On that morning, the emperor’s decree was carried out. Men, women, and children were taken into custody and imprisoned; all of their property—houses, shops, ships, land—was confiscated. In Constantinople, the Venetian captives very soon filled up the prisons, and monasteries were pressed into service.2
This gave Manuel over ten thousand hostages to hold against future Venetian aggression. But Doge Vitale Michiel, apoplectic with fury, declared war anyway. The Venetians spent four months building a special war fleet to retaliate, and then set sail for Byzantine territory. The first city they came to was Chalcis, the largest city on the Greek island of Euboea. They laid siege to the city; the Byzantine governor there, alarmed by the size of the fleet and unwilling to act as a sacrifice to the quarrel, offered to play mediator with Manuel if the Venetians would lift the siege.3
Mindful of all those hostages, the Doge—who was leading the fleet in person—agreed. He chose two of his men to accompany the Byzantine officials to Manuel’s court, and the Venetians removed themselves to the island of Chios, where they settled in and waited for the negotiations to proceed.

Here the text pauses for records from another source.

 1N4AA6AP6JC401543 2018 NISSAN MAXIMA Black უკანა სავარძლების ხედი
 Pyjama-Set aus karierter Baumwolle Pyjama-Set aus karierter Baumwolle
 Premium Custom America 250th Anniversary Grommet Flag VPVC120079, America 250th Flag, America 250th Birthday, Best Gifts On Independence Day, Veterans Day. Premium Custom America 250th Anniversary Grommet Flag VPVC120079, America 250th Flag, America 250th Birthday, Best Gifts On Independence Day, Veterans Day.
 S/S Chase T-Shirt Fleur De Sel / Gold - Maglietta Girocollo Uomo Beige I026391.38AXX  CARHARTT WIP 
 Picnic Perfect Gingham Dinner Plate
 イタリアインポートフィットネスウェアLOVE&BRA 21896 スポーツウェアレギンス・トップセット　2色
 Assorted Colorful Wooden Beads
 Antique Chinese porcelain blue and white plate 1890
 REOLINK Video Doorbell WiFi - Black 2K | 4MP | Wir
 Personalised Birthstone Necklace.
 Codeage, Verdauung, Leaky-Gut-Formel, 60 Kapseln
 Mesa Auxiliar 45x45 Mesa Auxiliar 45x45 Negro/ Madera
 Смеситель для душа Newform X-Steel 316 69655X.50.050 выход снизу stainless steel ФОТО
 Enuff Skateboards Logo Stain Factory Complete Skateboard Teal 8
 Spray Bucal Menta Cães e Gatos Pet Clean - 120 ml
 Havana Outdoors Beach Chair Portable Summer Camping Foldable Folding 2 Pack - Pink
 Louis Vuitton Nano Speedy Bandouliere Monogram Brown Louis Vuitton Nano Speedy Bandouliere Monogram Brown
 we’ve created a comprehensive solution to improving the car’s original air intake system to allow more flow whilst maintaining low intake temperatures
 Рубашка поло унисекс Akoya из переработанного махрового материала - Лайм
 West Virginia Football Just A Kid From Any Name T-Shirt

Even though he was feeding all of his Venetian prisoners at his own expense, Manuel decided to play the waiting game himself. When the ambassadors from Venice arrived, he explained that he couldn’t see them yet, but that another embassy would certainly receive his full attention. The ambassadors went back to Chios, then back to Constantinople again. All of the back-and-forthing took time; and although this could have backfired on Manuel, luck was on his side. The Venetian camp at Chios was struck with plague; one contemporary report says that more than a thousand people died in the first few days of sickness.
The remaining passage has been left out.